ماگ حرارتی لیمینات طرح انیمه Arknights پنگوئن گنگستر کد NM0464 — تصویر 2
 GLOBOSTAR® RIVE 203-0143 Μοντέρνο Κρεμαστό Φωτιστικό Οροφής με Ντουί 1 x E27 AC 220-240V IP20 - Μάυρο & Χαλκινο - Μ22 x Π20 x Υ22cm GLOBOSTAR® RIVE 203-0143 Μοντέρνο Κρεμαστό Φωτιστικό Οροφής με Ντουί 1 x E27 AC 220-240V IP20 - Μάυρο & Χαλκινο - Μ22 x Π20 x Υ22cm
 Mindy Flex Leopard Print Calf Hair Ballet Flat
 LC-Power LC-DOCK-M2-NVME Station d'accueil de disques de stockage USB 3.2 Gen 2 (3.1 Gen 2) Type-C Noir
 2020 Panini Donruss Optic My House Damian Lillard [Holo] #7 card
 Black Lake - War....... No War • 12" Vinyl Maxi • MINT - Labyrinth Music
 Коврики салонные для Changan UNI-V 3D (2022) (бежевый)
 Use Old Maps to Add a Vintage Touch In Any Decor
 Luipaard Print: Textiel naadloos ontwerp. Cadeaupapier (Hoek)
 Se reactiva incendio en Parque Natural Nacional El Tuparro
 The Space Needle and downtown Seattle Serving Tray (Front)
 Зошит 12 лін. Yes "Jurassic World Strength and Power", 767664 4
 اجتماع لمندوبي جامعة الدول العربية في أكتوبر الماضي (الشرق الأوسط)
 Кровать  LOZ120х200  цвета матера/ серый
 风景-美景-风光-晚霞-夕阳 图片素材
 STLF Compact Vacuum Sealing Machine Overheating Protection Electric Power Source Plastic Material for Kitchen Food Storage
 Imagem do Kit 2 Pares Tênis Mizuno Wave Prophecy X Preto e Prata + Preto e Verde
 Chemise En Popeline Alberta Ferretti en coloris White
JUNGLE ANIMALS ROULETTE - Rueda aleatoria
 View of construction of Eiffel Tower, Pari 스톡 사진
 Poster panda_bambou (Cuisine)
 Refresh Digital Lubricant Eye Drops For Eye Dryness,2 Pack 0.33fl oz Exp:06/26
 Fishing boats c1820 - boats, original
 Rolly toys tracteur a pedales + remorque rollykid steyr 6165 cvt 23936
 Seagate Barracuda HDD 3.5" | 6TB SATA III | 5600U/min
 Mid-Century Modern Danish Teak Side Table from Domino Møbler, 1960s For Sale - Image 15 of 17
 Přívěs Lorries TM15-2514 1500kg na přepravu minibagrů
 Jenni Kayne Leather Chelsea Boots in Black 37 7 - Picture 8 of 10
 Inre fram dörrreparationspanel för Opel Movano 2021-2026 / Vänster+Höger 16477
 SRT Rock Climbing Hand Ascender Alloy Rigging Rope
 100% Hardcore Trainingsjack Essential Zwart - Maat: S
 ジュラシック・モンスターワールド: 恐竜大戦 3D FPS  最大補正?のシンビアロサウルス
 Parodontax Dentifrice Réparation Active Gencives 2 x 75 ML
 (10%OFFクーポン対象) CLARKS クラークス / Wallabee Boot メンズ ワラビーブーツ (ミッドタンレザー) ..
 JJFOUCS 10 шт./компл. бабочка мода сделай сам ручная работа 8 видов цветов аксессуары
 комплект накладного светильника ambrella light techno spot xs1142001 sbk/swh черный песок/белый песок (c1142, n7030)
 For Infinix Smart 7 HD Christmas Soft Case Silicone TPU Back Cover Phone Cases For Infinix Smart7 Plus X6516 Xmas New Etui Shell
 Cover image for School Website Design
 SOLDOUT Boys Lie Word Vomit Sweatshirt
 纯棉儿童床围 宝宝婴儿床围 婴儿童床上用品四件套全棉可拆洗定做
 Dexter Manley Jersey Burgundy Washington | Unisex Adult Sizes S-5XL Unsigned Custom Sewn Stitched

> _How to complete this task_
Set the lines down exactly, from the first line of the records to the line where "Seagate Barracuda HDD" appears, with both ends kept.

> _Answer for the task_
ماگ حرارتی لیمینات طرح انیمه Arknights پنگوئن گنگستر کد NM0464 — تصویر 2
 GLOBOSTAR® RIVE 203-0143 Μοντέρνο Κρεμαστό Φωτιστικό Οροφής με Ντουί 1 x E27 AC 220-240V IP20 - Μάυρο & Χαλκινο - Μ22 x Π20 x Υ22cm GLOBOSTAR® RIVE 203-0143 Μοντέρνο Κρεμαστό Φωτιστικό Οροφής με Ντουί 1 x E27 AC 220-240V IP20 - Μάυρο & Χαλκινο - Μ22 x Π20 x Υ22cm
 Mindy Flex Leopard Print Calf Hair Ballet Flat
 LC-Power LC-DOCK-M2-NVME Station d'accueil de disques de stockage USB 3.2 Gen 2 (3.1 Gen 2) Type-C Noir
 2020 Panini Donruss Optic My House Damian Lillard [Holo] #7 card
 Black Lake - War....... No War • 12" Vinyl Maxi • MINT - Labyrinth Music
 Коврики салонные для Changan UNI-V 3D (2022) (бежевый)
 Use Old Maps to Add a Vintage Touch In Any Decor
 Luipaard Print: Textiel naadloos ontwerp. Cadeaupapier (Hoek)
 Se reactiva incendio en Parque Natural Nacional El Tuparro
 The Space Needle and downtown Seattle Serving Tray (Front)
 Зошит 12 лін. Yes "Jurassic World Strength and Power", 767664 4
 اجتماع لمندوبي جامعة الدول العربية في أكتوبر الماضي (الشرق الأوسط)
 Кровать  LOZ120х200  цвета матера/ серый
 风景-美景-风光-晚霞-夕阳 图片素材
 STLF Compact Vacuum Sealing Machine Overheating Protection Electric Power Source Plastic Material for Kitchen Food Storage
 Imagem do Kit 2 Pares Tênis Mizuno Wave Prophecy X Preto e Prata + Preto e Verde
 Chemise En Popeline Alberta Ferretti en coloris White
JUNGLE ANIMALS ROULETTE - Rueda aleatoria
 View of construction of Eiffel Tower, Pari 스톡 사진
 Poster panda_bambou (Cuisine)
 Refresh Digital Lubricant Eye Drops For Eye Dryness,2 Pack 0.33fl oz Exp:06/26
 Fishing boats c1820 - boats, original
 Rolly toys tracteur a pedales + remorque rollykid steyr 6165 cvt 23936
 Seagate Barracuda HDD 3.5" | 6TB SATA III | 5600U/min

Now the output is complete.